*** Begin section ***
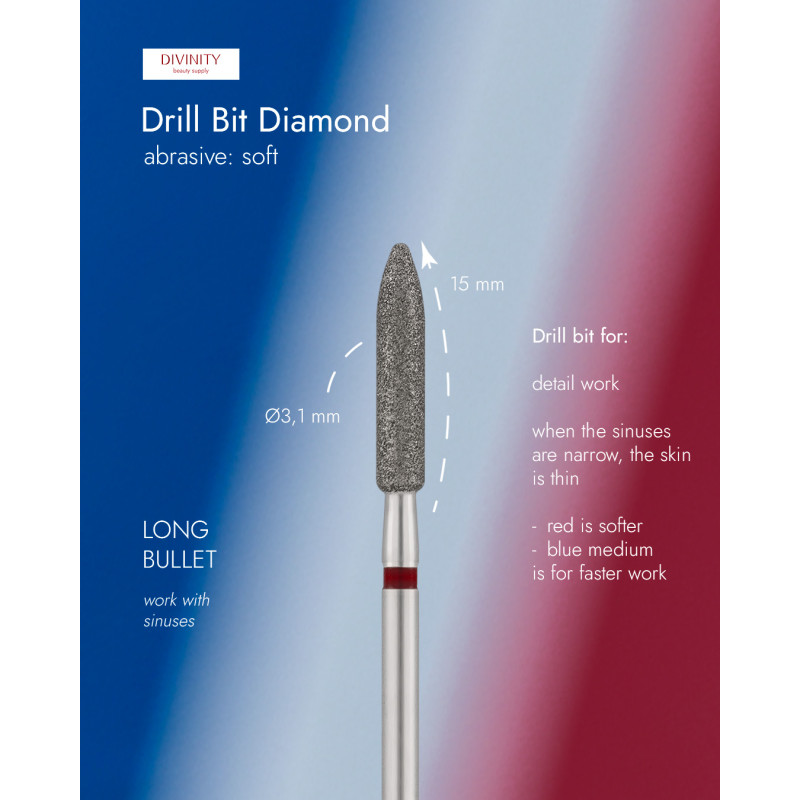 Diamond bit "long bulet" red, L- 15,0 mm, Ø3,1 mm
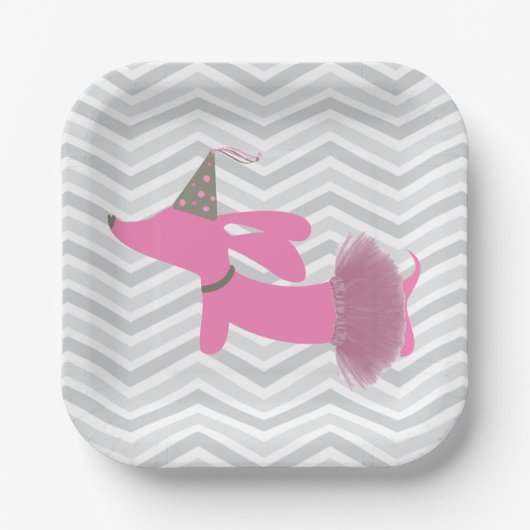 Dackel Rosa Dackel Dog Party Teller (Vorderseite)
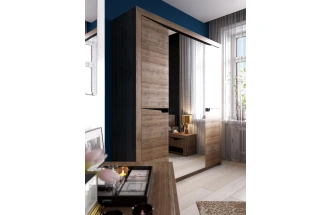 Шкаф четырехдверный Соренто, распашной с зеркалом, дуб стирлинг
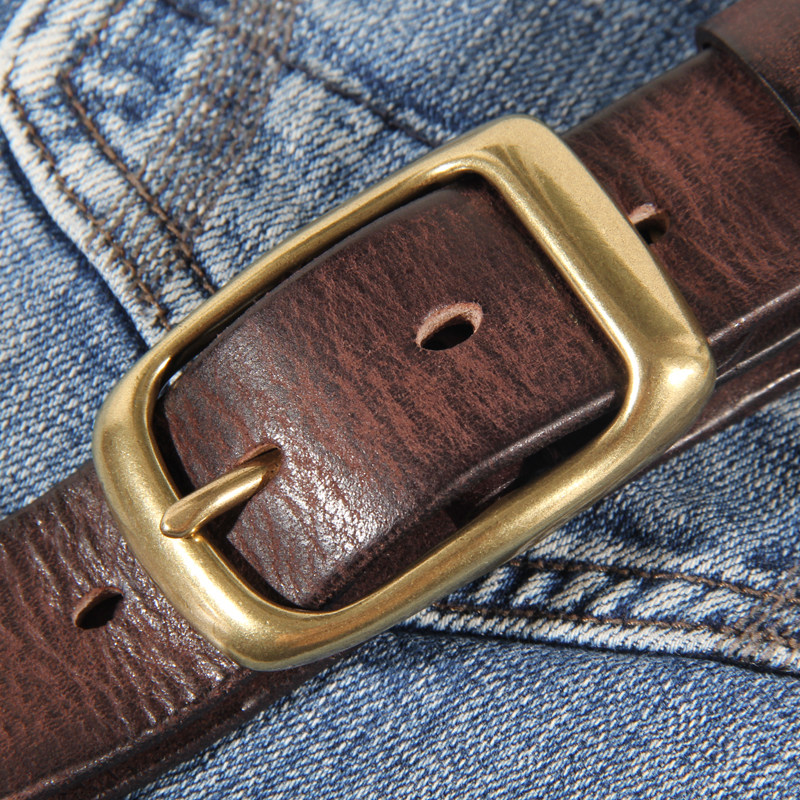 女士ins风棕色铜扣头层纯牛皮牛仔裤皮带复古手工真皮腰带百搭男,淘宝优惠券,粉丝福利购,淘宝优惠卷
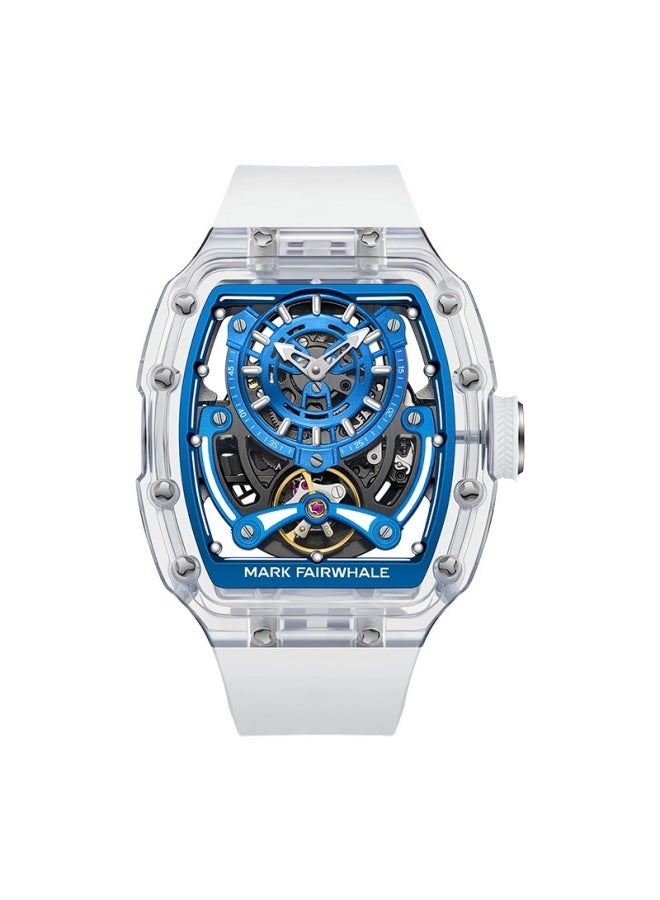 Mark Fairwhale Men's Trendy Skeleton Luxury Tourbillon Mechanical Watch - Transparent Case, Blue Dial & White Silicone Strap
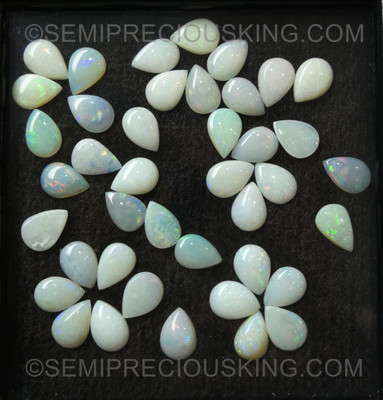 Natural White Opal Pear Cabochon 7X5mm Play of Colors SI Clarity Loose Gemstone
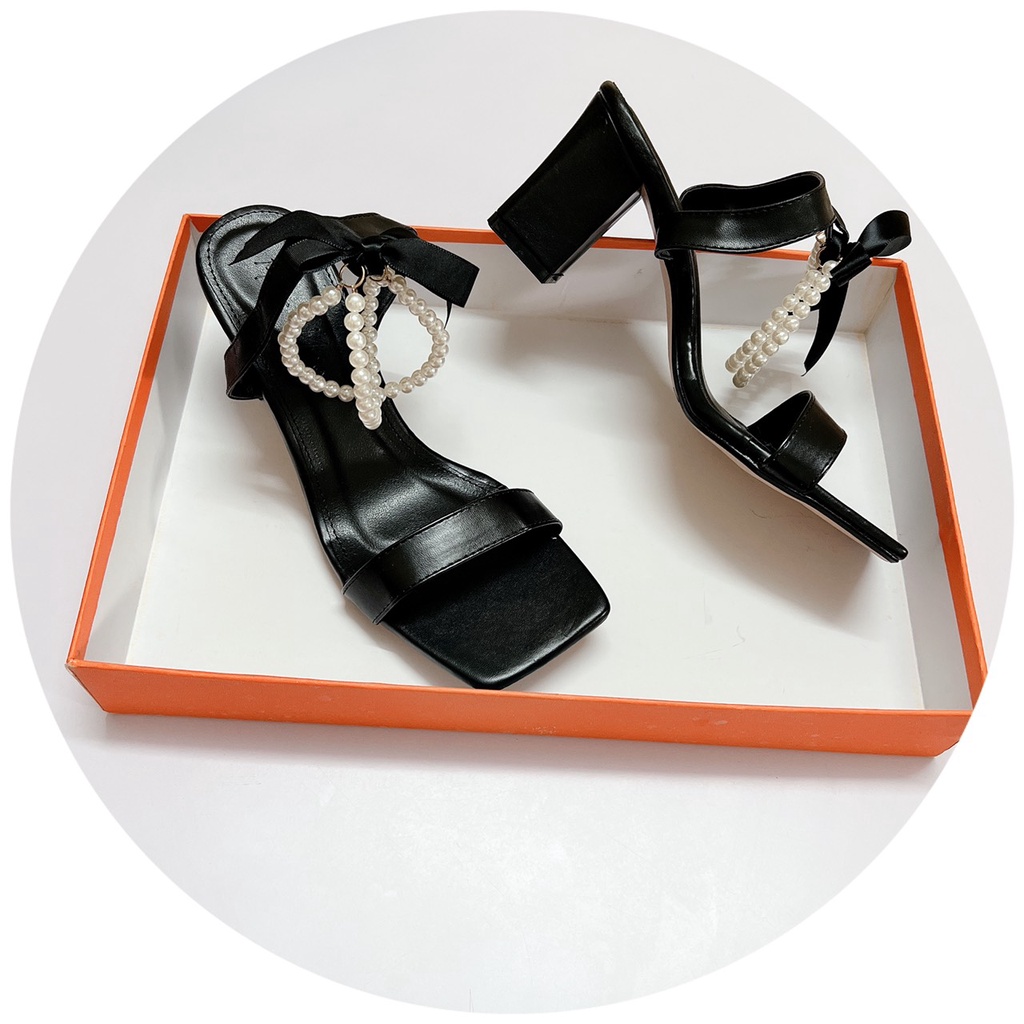 [BÁN GIÁ TÔT] GIÀY SANDAL CÔNG SỞ QUAI NGANG 2 VÒNG NGỌC CỔ CHÂN GÓT VUÔNG 7P ĐẸP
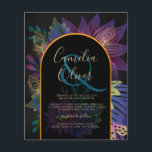 Prospectus 11,4 Cm X 14,2 Cm Noir Peacock Jewel Tones Floral Mariage<br><div class="desc">De beaux tons de bijoux (violet, bleu paon, vert, turquoise, or, marron, baies, vin), des motifs floraux et un agencement de typographie tendance. Cet article mariage fait partie d'une collection plus grande qui comprend des invitations de mariage (budget et traditionnel) cartes RSVP, Save the Dates, Affiche de bienvenue Mariage et...</div>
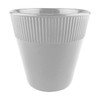 A plastic cup in white, featuring a ribbed texture on the upper half and a smooth lower half.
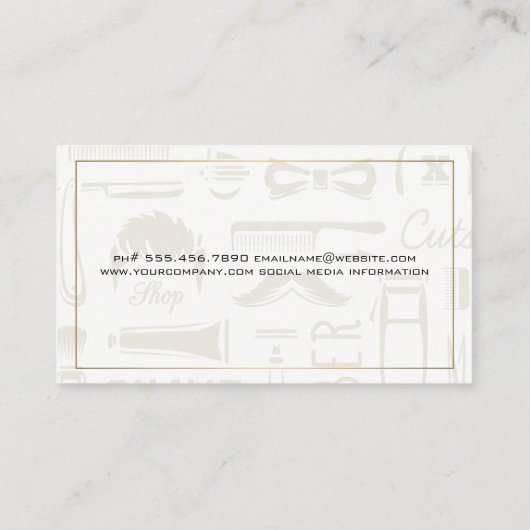 Barber Pool en gereedschap | Patroon Visitekaartje (Achterkant)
*** End section ***
The lines from the start of the data through the line that contains "[BÁN GIÁ TÔT]" are to be returned exactly, please, with both ends included and every picture left out.

 Diamond bit "long bulet" red, L- 15,0 mm, Ø3,1 mm
 Dackel Rosa Dackel Dog Party Teller (Vorderseite)
 Шкаф четырехдверный Соренто, распашной с зеркалом, дуб стирлинг
 女士ins风棕色铜扣头层纯牛皮牛仔裤皮带复古手工真皮腰带百搭男,淘宝优惠券,粉丝福利购,淘宝优惠卷
 Mark Fairwhale Men's Trendy Skeleton Luxury Tourbillon Mechanical Watch - Transparent Case, Blue Dial & White Silicone Strap
 Natural White Opal Pear Cabochon 7X5mm Play of Colors SI Clarity Loose Gemstone
 [BÁN GIÁ TÔT] GIÀY SANDAL CÔNG SỞ QUAI NGANG 2 VÒNG NGỌC CỔ CHÂN GÓT VUÔNG 7P ĐẸP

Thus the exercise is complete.